The Hour Past Bewilderbeast

It's no secret that once you've gotten on Pitchfork's bad side that you ain't comin back.  The only thing the magazine loves more than holding a grudge is pretending to struggle not to.

Certain bands are given a protection clause, which gives them a few albums to muck up before being thrown to the fire.  Perennial favorites like Radiohead or The White Stripes are included here.  But most receive the termination of contract notice in the mail and will never regain their former status.  The Eels, Ryan Adams and Pedro the Lion have all produced slump-ceasing records which have regained for them some respect elsewhere while they continue to dig through dumpsters at Pitchfork.  It's a bit like an individual who has gone through a difficult and public divorce...  They may rebuild their lives into something truly joyful, but they'll never fully discard their painful past, and those who saw the painful moments will never be able to look at them the same.  Damien Gough, the Badly Drawn Boy, is a member of the Pitchfork Pit of Eternal Despair and proves so with his latest album One Plus One is One.

But what's interesting in the Pitchfork review of the album is the introduction's focus on Gough's weird tie to another on Pitchfork's blacklist...  Nick Hornby.

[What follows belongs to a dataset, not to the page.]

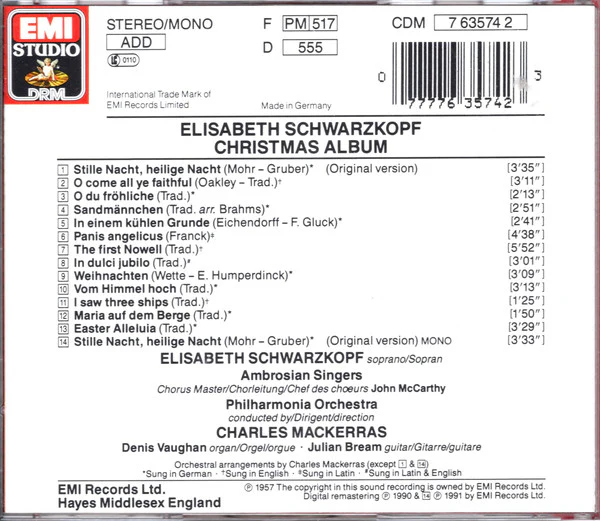 Elisabeth Schwarzkopf - The Christmas Album (CD, Album, Club, RE) - Image 2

Hornby is part of this weird group of fringe mainstream writers who, upon receiving commercial success, began attempts to yank increasingly popular underground artists into the mainstream light.  These artists became Lottery millionaires who really could have earned their own way to wealth but now stand without legitimacy to their riches.  It's the classic story of the one-hit wonders and the sell-outs.  It's just that instead of a faceless money-hungry corporation, the source is a creator who wants to share their achievements with other artists they respect.  What makes it even weirder is that the benefactors enter and set up residence in the world of those they benefact.  Nick Hornby's venture in music criticism and Michael Chabon's work with comics are probably the two most prevalent, current examples.  In both these cases, neither has earned their right to the new land they've staked out, they've just gone in and taken it (as a provision of the Fair Housing Act?).

The result of it all is hollow wish fulfillment that depletes both parties.  I'm not saying that it's a bad thing to donate one's fame or wealth to those below you.  The detrimental thing is to graft one's self to a championed cause as opposed to feeding it so that it can grow.

3 Comments:

At 1:31 PM, Scot said...

I read that review, and while I can't comment on the quality of BDB's new album, I was dismayed to read the reference to "schlock-rockers" Marah.

The band whose new CD, 20,000 Streets Under the Sky, just received a 7.8 rating from the site. Nothing like basing an opinion of a band on one CD (Float Away With the Friday Night Gods, the only album in the band's canon close to schlock-rock).